Verdi reprend le même schéma éprouvé, récitatif-aria-cabalette, dans cette scène qui, soulevée par Eleonora Buratto, est une splendeur : c’est affaire de ligne, de pâte vocale, de profondeur d’expression, d’ampleur dans le cantabile (une prière), puis, dans la partie rapide, de slancio : des sauts d’octaves ébouriffants, des gammes chromatiques assez proches de celles de Donizetti, tout cela soulevé par la poigne verdienne, avec une concision, une vaillance auxquelles on ne résiste pas. Buratto y est magnifique.

Des Verdi transcendants
Enfin, de Verdi aussi, une relative rareté, l’air de Mina au deuxième acte d’Aroldo. Cet opéra est la refonte en 1857 du Stiffelio de 1850, créé à Trieste, puis joué à Florence et Rome, mais que Verdi préféra ne pas donner à la Scala plutôt que d’accepter les modifications demandées par la censure. Il y revint sept ans plus tard et fit de cette histoire d’un pasteur trompé par son épouse une histoire médiévale, d’adultère aussi.
L’air de Mina (qui confesse sa faute devant le tombeau de sa mère), reprend pour le cantabile textuellement l’air de Lina dans la première version. Le récitatif qui le précède est du meilleur Verdi (après un très remarquable prélude où dialoguent les groupes d’archets) et Buratto y est transcendante, de même que dans les vastes arches mélodiques de l’aria, mais c’est dans le tempo di mezzo avec Godvino (Didier Pieri) qu’apparaissent à nouveau ces couleurs sombres que Buratto cultive savamment, et dont elle usera dans la cabalette, très old style, que Verdi écrit spécialement pour Aroldo.

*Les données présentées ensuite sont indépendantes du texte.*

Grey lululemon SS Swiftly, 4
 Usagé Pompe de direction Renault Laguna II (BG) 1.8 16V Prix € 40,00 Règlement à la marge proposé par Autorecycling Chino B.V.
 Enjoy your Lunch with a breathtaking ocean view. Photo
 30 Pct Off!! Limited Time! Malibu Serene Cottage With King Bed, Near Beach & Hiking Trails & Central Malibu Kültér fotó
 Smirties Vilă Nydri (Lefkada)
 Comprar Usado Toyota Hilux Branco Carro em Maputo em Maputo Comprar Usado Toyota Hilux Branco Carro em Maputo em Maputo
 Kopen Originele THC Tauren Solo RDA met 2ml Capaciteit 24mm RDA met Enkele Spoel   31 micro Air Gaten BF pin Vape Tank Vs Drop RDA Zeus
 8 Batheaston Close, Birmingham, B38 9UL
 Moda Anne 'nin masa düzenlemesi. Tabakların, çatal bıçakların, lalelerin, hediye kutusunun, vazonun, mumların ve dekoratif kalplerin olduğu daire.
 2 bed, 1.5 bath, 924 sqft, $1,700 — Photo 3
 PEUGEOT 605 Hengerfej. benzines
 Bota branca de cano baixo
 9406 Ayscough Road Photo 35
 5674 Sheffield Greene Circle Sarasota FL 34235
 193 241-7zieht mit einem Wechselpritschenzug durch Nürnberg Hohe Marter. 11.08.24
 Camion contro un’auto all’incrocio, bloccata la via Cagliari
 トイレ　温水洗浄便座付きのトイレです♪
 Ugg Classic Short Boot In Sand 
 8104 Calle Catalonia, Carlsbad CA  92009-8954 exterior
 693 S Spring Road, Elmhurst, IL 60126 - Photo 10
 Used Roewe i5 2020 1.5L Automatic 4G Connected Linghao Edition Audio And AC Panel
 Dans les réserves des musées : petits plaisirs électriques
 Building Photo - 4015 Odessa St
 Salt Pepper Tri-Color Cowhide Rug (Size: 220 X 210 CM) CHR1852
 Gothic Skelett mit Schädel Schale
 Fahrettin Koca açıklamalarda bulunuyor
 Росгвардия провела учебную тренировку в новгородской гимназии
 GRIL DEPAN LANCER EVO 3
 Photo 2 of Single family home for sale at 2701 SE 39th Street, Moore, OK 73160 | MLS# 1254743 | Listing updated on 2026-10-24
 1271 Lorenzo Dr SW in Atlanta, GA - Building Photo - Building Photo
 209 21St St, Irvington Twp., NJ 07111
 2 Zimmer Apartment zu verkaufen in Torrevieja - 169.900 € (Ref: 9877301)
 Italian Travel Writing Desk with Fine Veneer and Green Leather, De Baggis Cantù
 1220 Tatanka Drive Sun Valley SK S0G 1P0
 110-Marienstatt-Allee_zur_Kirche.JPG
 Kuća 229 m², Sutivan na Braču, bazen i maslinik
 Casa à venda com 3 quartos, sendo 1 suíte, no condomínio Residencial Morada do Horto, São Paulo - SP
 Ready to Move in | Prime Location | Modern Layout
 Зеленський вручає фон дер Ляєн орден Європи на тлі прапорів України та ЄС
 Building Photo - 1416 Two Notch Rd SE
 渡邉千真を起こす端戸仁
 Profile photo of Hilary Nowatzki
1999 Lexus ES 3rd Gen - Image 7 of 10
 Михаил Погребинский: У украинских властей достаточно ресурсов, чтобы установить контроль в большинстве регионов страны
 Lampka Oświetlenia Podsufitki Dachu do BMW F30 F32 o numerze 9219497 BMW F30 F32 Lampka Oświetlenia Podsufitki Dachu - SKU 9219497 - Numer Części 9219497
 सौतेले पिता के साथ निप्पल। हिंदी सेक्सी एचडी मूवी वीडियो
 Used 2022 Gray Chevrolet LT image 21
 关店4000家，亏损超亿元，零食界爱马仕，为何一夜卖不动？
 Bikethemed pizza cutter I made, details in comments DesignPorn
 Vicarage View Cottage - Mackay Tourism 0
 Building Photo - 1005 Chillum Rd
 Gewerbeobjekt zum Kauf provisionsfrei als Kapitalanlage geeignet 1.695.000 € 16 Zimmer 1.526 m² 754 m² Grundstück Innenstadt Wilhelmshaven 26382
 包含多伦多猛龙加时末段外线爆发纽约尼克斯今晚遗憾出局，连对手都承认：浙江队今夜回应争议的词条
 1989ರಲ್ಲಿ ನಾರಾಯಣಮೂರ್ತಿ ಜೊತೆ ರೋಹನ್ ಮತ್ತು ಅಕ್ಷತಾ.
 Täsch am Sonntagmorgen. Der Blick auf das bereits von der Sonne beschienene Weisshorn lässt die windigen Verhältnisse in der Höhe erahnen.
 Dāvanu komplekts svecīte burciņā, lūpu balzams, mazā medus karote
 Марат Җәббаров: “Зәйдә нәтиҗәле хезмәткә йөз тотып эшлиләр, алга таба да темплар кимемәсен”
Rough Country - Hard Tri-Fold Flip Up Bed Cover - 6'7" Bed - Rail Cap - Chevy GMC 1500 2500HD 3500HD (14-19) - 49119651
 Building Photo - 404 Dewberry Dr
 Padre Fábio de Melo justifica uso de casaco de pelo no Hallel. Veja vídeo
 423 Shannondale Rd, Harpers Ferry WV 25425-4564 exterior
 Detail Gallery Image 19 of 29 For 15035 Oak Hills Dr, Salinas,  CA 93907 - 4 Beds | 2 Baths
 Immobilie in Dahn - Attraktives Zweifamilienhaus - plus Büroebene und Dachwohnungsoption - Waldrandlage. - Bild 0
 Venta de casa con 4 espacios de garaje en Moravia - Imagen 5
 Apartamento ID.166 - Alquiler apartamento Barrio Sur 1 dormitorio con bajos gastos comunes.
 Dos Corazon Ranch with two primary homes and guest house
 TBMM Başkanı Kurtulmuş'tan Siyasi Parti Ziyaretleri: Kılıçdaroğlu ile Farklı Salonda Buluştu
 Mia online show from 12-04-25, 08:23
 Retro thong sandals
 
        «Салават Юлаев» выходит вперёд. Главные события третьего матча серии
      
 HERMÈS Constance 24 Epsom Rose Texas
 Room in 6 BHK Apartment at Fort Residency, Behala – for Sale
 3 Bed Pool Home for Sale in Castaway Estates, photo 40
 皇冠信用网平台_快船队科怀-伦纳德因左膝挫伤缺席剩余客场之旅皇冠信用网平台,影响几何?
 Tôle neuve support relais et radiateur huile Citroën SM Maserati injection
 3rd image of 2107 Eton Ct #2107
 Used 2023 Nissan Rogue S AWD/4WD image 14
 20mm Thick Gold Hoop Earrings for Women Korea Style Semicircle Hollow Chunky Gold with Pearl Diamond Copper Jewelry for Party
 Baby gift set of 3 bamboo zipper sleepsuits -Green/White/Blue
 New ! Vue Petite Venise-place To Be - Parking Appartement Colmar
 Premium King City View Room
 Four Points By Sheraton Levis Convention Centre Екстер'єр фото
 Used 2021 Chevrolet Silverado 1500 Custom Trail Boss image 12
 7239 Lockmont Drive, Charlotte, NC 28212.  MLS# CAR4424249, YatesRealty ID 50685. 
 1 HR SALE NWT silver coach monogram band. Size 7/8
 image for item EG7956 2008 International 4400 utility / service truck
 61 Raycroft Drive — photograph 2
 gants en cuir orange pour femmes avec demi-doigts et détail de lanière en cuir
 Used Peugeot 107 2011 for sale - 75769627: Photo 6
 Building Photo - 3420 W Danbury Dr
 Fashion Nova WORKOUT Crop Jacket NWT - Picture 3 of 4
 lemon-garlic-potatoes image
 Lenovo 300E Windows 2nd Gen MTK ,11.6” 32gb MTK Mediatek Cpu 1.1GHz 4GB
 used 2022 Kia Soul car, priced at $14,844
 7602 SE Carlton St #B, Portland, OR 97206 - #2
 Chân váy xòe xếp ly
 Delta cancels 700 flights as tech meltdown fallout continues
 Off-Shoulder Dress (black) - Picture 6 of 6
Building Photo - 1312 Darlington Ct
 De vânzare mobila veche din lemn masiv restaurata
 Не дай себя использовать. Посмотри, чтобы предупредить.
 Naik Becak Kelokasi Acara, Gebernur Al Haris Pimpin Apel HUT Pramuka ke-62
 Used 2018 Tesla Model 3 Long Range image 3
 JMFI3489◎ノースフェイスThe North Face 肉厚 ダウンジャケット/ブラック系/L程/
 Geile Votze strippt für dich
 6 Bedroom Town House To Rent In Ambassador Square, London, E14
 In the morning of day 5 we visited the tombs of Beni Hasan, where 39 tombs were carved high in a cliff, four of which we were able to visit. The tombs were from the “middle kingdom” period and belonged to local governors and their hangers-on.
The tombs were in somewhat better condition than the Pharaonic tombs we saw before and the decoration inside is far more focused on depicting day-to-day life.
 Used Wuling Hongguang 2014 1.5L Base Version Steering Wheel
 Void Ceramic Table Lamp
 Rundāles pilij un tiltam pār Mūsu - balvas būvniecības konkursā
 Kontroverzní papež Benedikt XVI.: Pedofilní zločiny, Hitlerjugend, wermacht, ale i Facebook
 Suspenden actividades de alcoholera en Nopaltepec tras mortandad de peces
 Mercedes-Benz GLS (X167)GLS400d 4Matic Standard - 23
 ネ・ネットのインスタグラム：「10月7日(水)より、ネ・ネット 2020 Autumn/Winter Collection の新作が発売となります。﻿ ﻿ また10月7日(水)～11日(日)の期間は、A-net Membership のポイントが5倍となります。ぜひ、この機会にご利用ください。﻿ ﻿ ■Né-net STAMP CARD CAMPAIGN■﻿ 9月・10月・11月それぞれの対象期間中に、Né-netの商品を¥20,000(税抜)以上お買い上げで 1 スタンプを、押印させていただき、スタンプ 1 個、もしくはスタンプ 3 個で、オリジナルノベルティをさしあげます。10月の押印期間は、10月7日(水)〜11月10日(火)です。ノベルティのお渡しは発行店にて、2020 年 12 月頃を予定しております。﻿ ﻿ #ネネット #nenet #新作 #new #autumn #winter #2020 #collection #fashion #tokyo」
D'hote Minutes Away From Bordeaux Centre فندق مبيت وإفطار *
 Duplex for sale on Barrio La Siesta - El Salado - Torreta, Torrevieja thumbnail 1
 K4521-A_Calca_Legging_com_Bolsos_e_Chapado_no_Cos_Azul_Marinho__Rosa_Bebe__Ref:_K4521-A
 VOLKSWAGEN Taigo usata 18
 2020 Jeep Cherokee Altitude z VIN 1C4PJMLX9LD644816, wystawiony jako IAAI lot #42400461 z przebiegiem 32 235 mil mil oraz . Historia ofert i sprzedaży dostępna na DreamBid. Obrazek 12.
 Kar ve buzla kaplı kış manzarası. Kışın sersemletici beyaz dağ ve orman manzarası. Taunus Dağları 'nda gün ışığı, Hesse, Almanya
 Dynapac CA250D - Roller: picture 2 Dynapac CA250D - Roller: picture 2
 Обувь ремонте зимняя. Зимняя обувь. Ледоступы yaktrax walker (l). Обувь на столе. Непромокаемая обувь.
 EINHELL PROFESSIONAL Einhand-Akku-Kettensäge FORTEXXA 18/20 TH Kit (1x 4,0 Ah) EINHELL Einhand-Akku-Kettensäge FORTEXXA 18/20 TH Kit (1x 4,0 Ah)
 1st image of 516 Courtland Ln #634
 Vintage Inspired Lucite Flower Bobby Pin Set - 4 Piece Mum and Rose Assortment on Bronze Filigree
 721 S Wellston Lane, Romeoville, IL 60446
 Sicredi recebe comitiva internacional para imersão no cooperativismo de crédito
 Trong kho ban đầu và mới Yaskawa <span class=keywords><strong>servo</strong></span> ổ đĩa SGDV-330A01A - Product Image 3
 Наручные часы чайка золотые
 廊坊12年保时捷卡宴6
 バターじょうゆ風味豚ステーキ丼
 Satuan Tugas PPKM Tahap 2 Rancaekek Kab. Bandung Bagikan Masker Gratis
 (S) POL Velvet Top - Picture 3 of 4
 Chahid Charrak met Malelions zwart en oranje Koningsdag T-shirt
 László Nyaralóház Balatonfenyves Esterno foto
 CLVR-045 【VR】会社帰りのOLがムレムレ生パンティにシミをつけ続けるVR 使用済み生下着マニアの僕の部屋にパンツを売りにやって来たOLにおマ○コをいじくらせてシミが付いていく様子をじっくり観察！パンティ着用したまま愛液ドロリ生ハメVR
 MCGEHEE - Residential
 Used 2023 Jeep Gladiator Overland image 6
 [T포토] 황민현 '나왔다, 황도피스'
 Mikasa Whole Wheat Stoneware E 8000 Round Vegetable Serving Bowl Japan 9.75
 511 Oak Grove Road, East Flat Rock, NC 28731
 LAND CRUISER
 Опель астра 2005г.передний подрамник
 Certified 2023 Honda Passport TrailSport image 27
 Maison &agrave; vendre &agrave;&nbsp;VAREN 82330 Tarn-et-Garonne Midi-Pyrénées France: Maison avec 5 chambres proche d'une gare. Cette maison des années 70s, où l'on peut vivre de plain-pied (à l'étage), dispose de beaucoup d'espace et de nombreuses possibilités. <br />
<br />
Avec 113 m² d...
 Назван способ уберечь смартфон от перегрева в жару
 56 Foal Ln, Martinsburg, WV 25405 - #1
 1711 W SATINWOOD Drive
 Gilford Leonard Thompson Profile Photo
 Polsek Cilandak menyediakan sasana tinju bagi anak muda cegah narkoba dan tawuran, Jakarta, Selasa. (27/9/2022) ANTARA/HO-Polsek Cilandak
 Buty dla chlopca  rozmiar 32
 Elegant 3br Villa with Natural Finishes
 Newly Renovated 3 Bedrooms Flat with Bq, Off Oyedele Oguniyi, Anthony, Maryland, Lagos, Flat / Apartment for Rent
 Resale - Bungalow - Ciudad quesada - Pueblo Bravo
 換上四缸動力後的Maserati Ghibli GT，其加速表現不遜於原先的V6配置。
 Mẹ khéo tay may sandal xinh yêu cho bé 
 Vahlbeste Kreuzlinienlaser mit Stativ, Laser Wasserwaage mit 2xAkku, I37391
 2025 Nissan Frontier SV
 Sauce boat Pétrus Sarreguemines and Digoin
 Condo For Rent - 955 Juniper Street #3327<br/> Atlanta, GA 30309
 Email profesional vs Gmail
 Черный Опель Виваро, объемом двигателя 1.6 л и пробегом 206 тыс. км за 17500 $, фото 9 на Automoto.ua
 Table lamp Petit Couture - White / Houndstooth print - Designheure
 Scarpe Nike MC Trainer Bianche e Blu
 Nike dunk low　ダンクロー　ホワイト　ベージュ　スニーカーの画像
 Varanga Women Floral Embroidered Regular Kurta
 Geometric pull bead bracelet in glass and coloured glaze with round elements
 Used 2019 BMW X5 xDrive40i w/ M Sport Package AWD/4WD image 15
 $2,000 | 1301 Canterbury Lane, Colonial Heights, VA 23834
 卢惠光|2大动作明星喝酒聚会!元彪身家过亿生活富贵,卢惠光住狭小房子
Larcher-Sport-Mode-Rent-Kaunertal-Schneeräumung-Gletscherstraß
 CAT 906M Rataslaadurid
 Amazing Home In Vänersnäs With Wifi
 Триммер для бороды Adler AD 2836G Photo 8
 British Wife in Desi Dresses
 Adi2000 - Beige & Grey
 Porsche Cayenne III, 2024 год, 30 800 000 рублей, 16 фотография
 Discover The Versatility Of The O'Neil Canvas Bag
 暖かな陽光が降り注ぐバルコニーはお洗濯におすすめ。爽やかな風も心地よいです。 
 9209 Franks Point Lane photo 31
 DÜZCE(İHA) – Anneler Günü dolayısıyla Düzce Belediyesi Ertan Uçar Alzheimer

Ce morceau de bravoure vaudrait à lui seul le voyage. Buratto, balayant rageusement toute sa tessiture, y est stupéfiante, dardant des notes aiguës comme des flèches et se jouant de gammes sur deux octaves, mais surtout superbe de fureur et de fierté, dans une pièce qui semble un adieu (mais combien efficace dramatiquement) au canto fiorito à la Bellini et Donizetti.
Ces deux Verdi, qui nous semblent exactement dans les couleurs actuelles de la voix d’Eleonora Buratto et dans son caractère, indomito en effet, mettent un fier point final à ce récital flamboyant.